»»

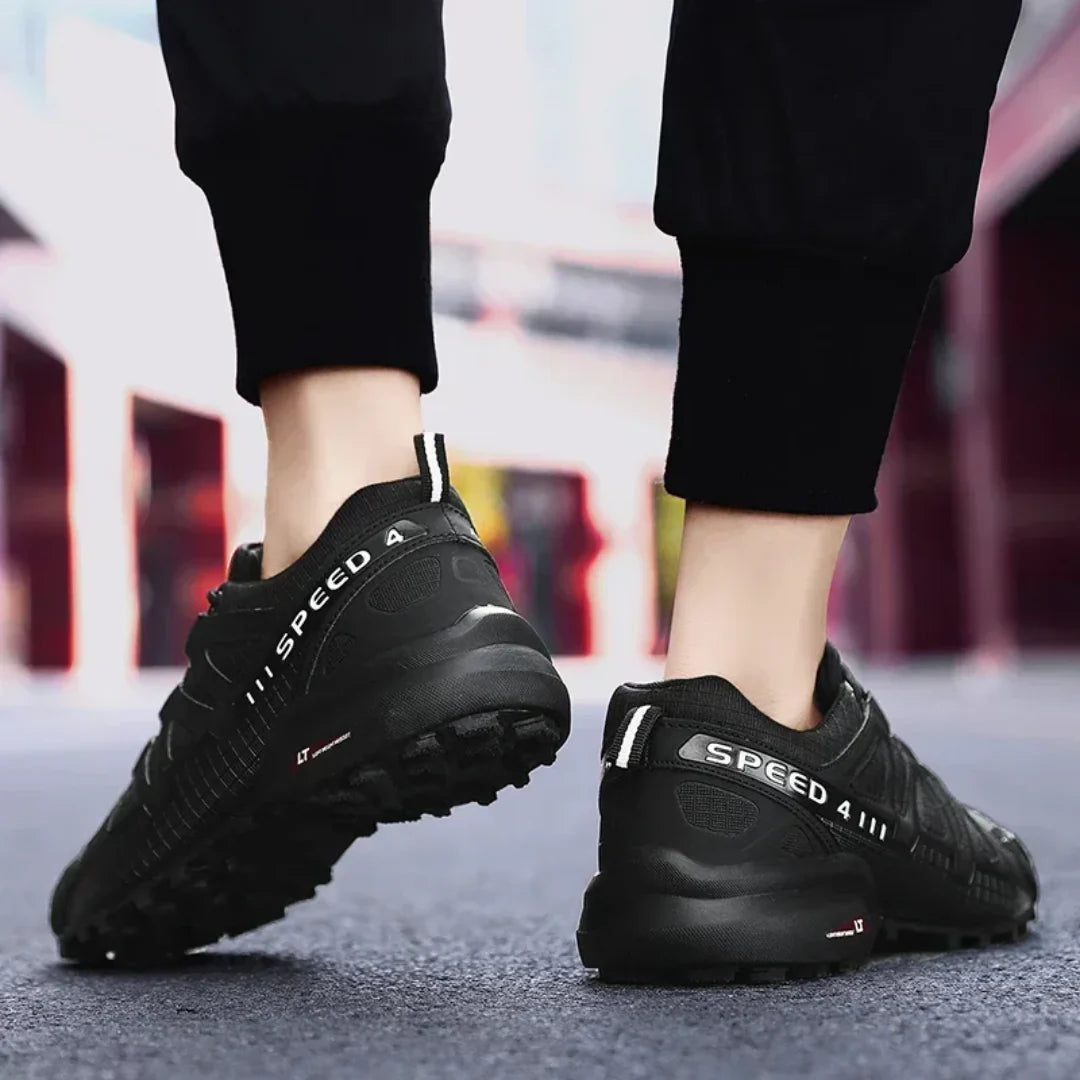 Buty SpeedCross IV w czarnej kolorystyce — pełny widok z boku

««
»»

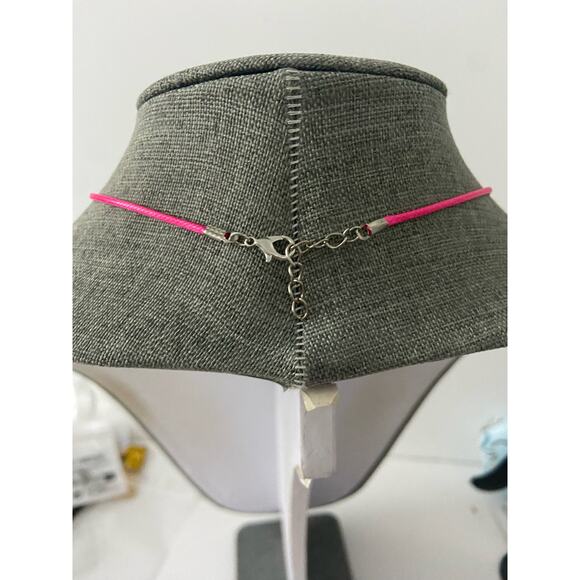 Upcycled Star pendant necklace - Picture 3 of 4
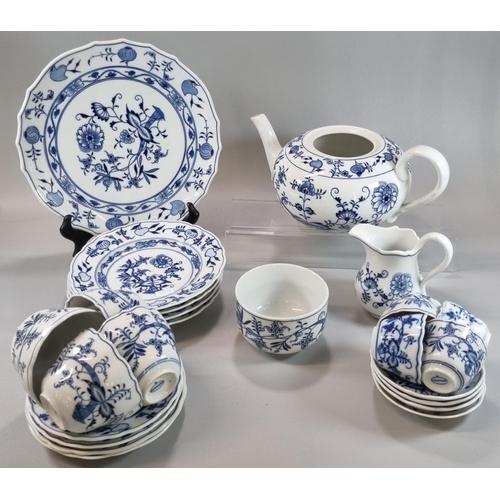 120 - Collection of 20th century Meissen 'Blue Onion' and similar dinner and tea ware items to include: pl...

««

◆ PROBLEM TO WORK ON
Reproduce the listing above only between the lines holding "Upcycled Star pendant" and "120 - Collection", inclusive. Every line must match exactly, and pictures are dropped.

◆ EXERCISE ANSWER
 Upcycled Star pendant necklace - Picture 3 of 4
 120 - Collection of 20th century Meissen 'Blue Onion' and similar dinner and tea ware items to include: pl...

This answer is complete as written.